Cause: FullStory session URLs (fsUrl field) may be absent from the API response for very recent sessions that haven't been fully processed, or for sessions that are still in progress.

Solution: Add a fallback in your transformer that constructs the FullStory URL manually using the session ID and your FullStory org ID: https://app.fullstory.com/ui/YOUR_ORG_ID/session/session_id. Check FullStory's API documentation for the current field name — it may be fsUrl, sessionUrl, or replayUrl depending on the API version.

```
// Fallback URL construction in transformer
const FULLSTORY_ORG = 'YOUR_ORG_ID'; // set in config vars
return sessions.map(session => ({
  ...session,
  replay_link: session.fsUrl
    || `https://app.fullstory.com/ui/${FULLSTORY_ORG}/session/${session.sessionId}`
}));
```

### Event query times out for long sessions with high event volumes

Cause: FullStory sessions with many events (active users, SPAs with lots of interactions) can return thousands of events, causing the API response to be large and slow. Retool's default query timeout may not be sufficient.

Solution: Increase the query timeout in the Advanced settings of your getSessionEvents query to 60 seconds. Add a limit parameter to the events endpoint to fetch only the first 500 events. Better yet, filter by event type to only return navigation and click events (ignoring mousemove, scroll, and other high-frequency events).

## Frequently asked questions

### Can I watch FullStory session recordings inside Retool?

You cannot play FullStory recordings directly within Retool — FullStory's player requires authentication to the FullStory application. What Retool does is show the session metadata (timestamp, duration, pages, frustration signals) and provide direct replay links (fsUrl) that open the session in FullStory in a new browser tab. Your support agents need FullStory viewer licenses to watch the recordings.

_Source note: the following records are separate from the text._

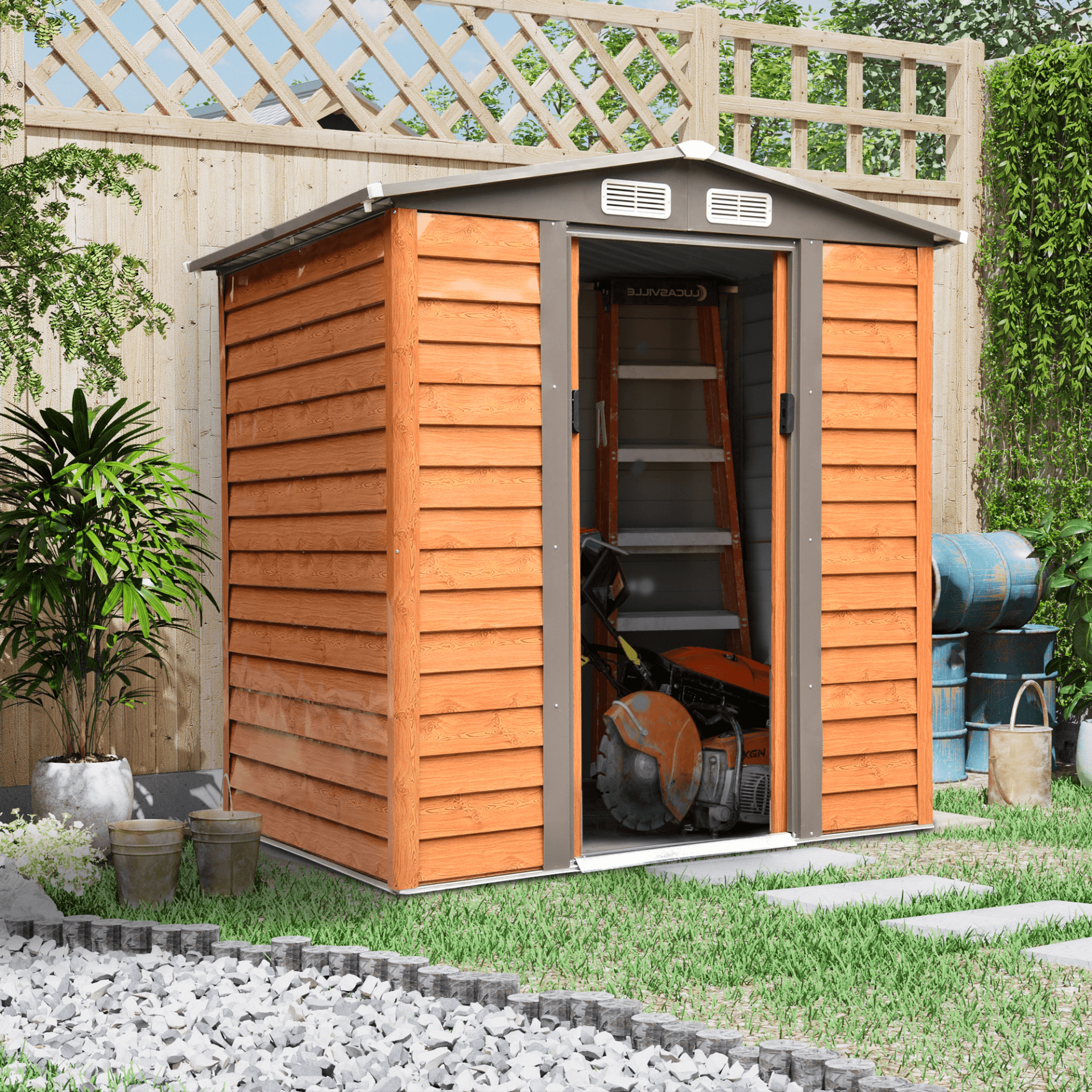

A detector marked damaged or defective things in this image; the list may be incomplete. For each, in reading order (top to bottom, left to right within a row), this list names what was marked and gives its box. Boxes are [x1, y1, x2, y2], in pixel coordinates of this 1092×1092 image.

rusty blue drum [934, 638, 969, 781] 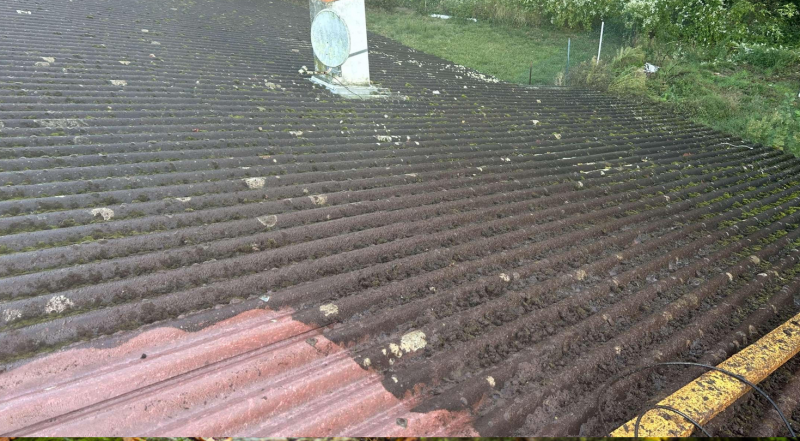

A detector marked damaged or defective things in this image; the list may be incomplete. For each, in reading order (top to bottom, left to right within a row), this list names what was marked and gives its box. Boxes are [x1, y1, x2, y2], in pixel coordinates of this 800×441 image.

rusty yellow beam [612, 310, 800, 436] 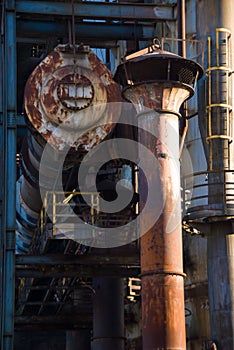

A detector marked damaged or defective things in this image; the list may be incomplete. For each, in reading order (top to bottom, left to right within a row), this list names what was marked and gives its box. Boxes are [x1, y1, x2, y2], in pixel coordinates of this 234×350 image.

rusty chimney [115, 47, 203, 350]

### Does FullStory have a native connector in Retool?

No, FullStory does not have a native Retool connector. You connect it using a REST API Resource with Bearer token authentication. The most useful FullStory API endpoints for Retool are the user lookup endpoint, the sessions list endpoint, and the events endpoint — these cover the main support panel use cases without needing the full FullStory data export API.

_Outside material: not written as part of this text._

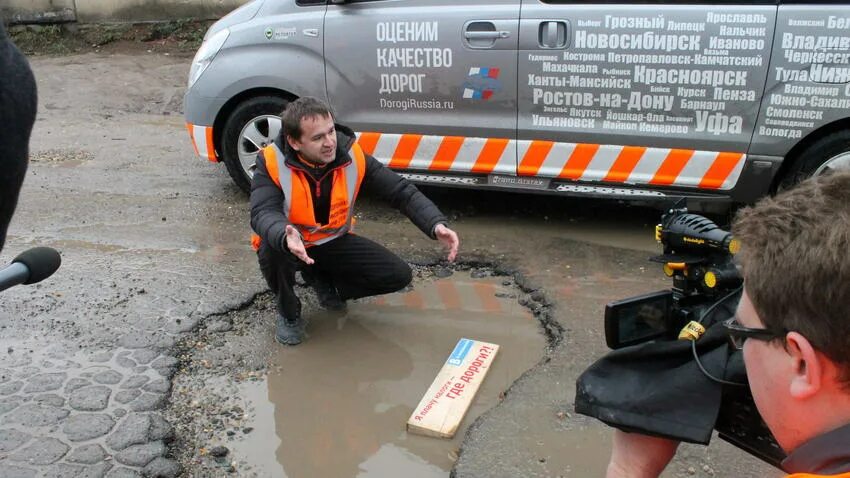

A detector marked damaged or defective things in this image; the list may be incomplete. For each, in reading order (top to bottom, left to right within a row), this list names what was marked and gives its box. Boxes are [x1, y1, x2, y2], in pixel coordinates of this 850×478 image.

large pothole [164, 264, 556, 476] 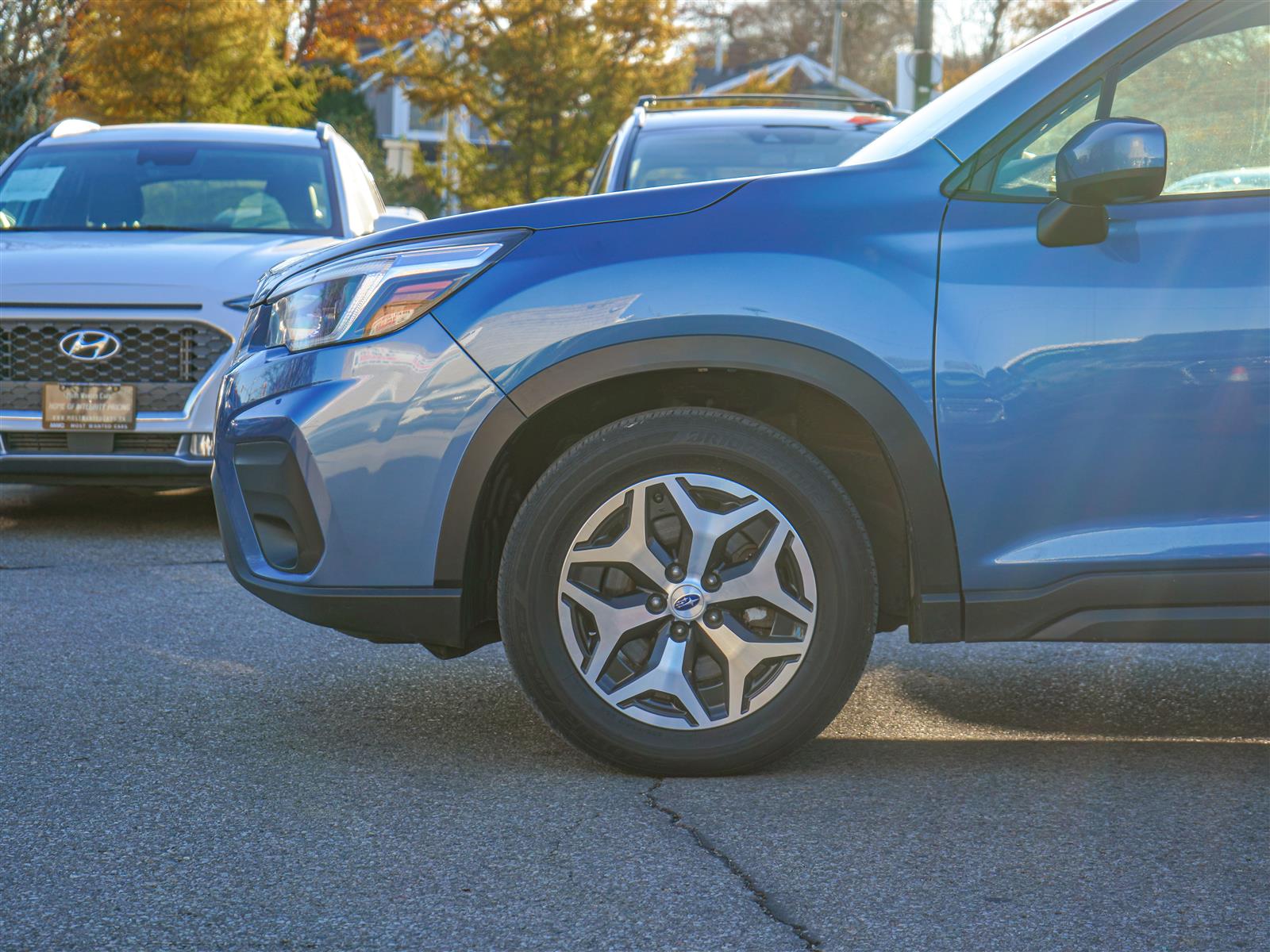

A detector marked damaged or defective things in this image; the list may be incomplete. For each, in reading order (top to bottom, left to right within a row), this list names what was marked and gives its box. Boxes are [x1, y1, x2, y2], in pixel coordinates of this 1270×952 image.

crack in asphalt [645, 781, 822, 952]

### How do I match FullStory user IDs with my internal user IDs?

FullStory lets you set a custom uid when identifying users via your JS snippet: FS.identify('your-user-id', { displayName: 'Name', email: 'email' }). If you've implemented this correctly, you can search FullStory by your internal user ID using the /v1/users/{uid} endpoint. If your app only identifies users by email, use the search endpoint with an email filter. The key is that FullStory's user records contain whatever custom properties your app sent during identify().

### What plan do I need for FullStory API access?

FullStory API access is available on Business plans and above. The free trial and some starter plans do not include API access. Check your FullStory Admin → Account Settings section — if you don't see an Integrations or API Keys section, you may need to upgrade your plan. Contact FullStory support if you need API access for evaluation purposes.

### How far back can I query FullStory session data?

FullStory's data retention period depends on your plan — typically 1, 3, or 12 months for Business plans, with custom retention for Enterprise. Sessions older than your retention period are not available via the API. For long-term session data storage, consider using Retool Workflows to periodically export important session data to your own database before it expires in FullStory.